§ WHAT YOU NEED TO DO
Copy each line below as written, but skip the pictures.

Web page caption snippets:
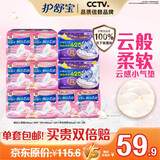 护舒宝瞬洁云感棉卫生巾日用夜用84片超薄姨妈巾京东自营官方旗舰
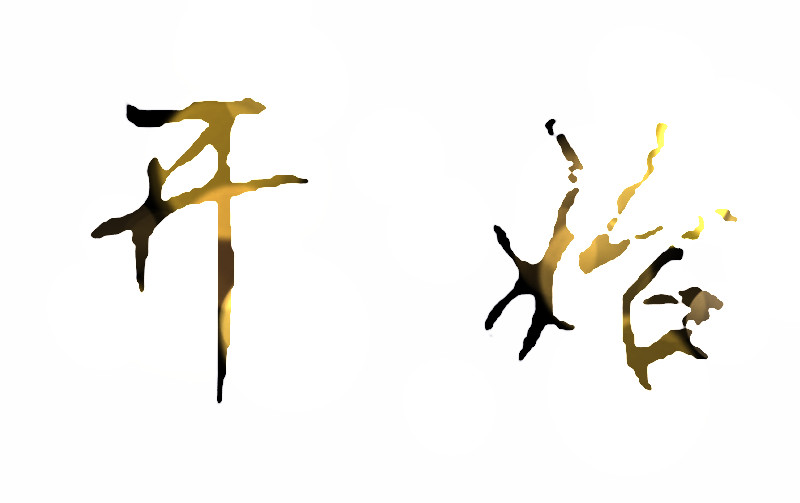 疫情結(jié)束我們事業(yè)如何開(kāi)始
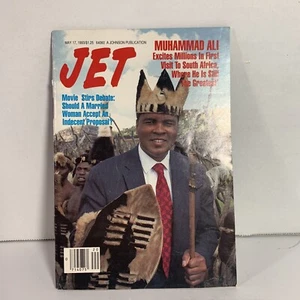 Vintage Jet Magazin Muhammad Ali Mai 1993 - Bild 1 von 10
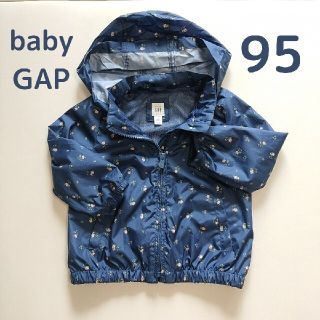 ベビーギャップ(babyGAP)のGAP ブルゾン 95(ジャケット/上着)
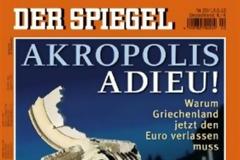 DER SPIEGEL: Αντίο Ακρόπολη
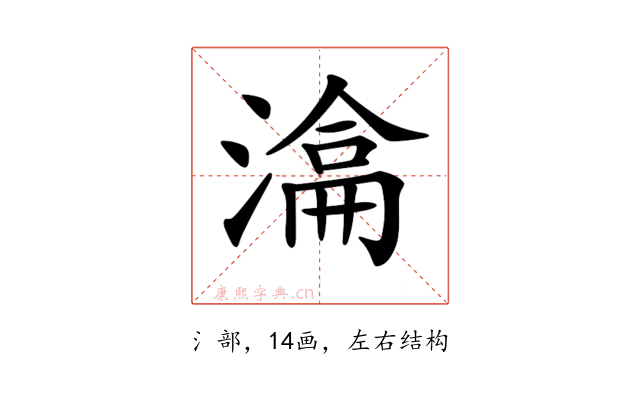 𣼕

§ FINISHED EXERCISE
 护舒宝瞬洁云感棉卫生巾日用夜用84片超薄姨妈巾京东自营官方旗舰
 疫情結(jié)束我們事業(yè)如何開(kāi)始
 Vintage Jet Magazin Muhammad Ali Mai 1993 - Bild 1 von 10
 ベビーギャップ(babyGAP)のGAP ブルゾン 95(ジャケット/上着)
 DER SPIEGEL: Αντίο Ακρόπολη
 𣼕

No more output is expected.